MALANG — Suara tabuhan jimbe yang ritmik dan penuh energi menggema di Lapangan Basket MTsN 1 Kota Malang pada Sabtu pagi, 2 Mei 2026. Irama perkusi tersebut mengiringi langkah gagah barisan pegawai Kantor Kementerian Agama Kota Malang, Guru dan Tenaga Kependidikan (GTK), serta seluruh murid kelas 7 dan 8 yang berbaris rapi mengikuti prosesi arakan yang unik dan penuh makna.

Tim Jimbe, yang digawangi langsung oleh para pendidik madrasah tersebut, menjadi simbol kolaborasi dan semangat kebersamaan dalam memperingati Hari Pendidikan Nasional (Hardiknas) 2026.

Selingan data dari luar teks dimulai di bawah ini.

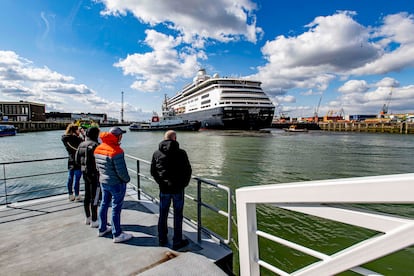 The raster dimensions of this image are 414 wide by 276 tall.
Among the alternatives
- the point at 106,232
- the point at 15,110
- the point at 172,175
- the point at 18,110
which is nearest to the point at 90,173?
the point at 106,232

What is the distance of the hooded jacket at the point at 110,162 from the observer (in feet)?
8.68

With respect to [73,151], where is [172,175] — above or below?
below

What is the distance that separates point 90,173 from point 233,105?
39.5 m

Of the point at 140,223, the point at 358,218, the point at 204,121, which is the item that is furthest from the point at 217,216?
the point at 204,121

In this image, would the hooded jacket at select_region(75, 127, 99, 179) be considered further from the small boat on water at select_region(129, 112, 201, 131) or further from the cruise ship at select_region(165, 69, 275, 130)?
the small boat on water at select_region(129, 112, 201, 131)

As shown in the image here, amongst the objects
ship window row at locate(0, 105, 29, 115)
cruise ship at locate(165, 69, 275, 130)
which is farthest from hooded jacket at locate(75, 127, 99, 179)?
ship window row at locate(0, 105, 29, 115)

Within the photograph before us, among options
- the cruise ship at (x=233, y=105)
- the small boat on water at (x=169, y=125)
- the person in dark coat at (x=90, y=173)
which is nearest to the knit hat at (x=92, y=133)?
the person in dark coat at (x=90, y=173)

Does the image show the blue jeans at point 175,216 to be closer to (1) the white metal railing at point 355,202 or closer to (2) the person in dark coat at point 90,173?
(2) the person in dark coat at point 90,173

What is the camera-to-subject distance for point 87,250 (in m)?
2.53

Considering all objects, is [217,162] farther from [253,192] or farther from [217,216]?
[253,192]

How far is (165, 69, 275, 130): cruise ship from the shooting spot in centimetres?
4156

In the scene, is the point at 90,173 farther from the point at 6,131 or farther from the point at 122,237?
the point at 6,131

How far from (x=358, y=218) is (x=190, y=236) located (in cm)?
227

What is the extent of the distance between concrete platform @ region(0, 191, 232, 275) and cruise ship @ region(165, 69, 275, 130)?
38553 mm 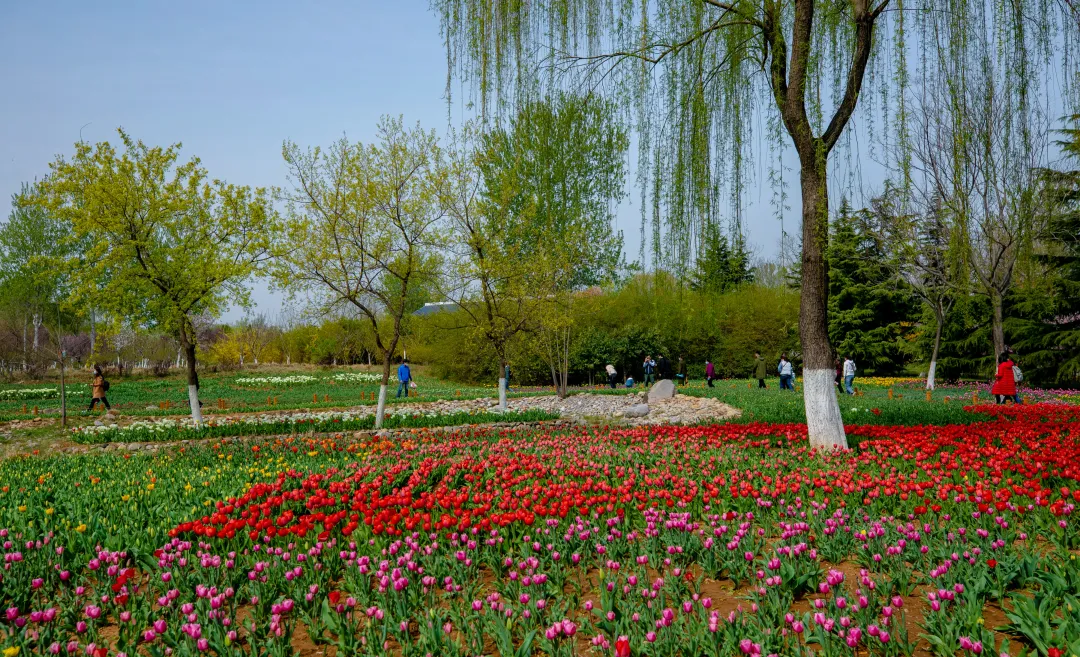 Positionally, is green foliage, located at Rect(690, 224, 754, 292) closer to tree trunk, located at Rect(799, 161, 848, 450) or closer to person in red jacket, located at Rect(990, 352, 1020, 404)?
tree trunk, located at Rect(799, 161, 848, 450)

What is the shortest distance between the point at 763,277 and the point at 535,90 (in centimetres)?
5123

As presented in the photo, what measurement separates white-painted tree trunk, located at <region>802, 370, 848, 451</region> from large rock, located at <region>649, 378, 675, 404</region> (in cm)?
1086

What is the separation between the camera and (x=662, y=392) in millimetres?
17812

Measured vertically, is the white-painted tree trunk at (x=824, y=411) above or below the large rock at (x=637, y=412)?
above

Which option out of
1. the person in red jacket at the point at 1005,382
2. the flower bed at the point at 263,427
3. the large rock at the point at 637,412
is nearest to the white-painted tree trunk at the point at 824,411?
the flower bed at the point at 263,427

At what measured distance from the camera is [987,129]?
4414 mm

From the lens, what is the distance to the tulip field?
2.70 meters

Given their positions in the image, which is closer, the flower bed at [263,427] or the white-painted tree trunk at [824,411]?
the white-painted tree trunk at [824,411]

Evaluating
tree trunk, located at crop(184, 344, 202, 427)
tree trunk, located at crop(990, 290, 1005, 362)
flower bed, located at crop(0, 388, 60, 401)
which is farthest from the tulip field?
flower bed, located at crop(0, 388, 60, 401)

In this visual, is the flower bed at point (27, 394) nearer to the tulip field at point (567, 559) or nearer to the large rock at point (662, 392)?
the tulip field at point (567, 559)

Kehadiran ratusan siswa kelas 7 dan 8 sebagai peserta upacara menambah kekhidmatan sekaligus energi muda dalam perayaan tahun ini.
Upacara yang mengusung tema “Menguatkan Partisipasi Semesta Mewujudkan Pendidikan Bermutu untuk Semua” ini dihadiri oleh Pelaksana Tugas (Plt.) Kasubbag Tata Usaha, Ahmad Hadiri, M.Ag., dan Kepala MTsN 1 Kota Malang. Bertindak sebagai Inspektur Upacara adalah Pengawas Madrasah Kantor Kementerian Agama Kota Malang, Drs. Farid Wadjdi Sjaifullah, M.Pd.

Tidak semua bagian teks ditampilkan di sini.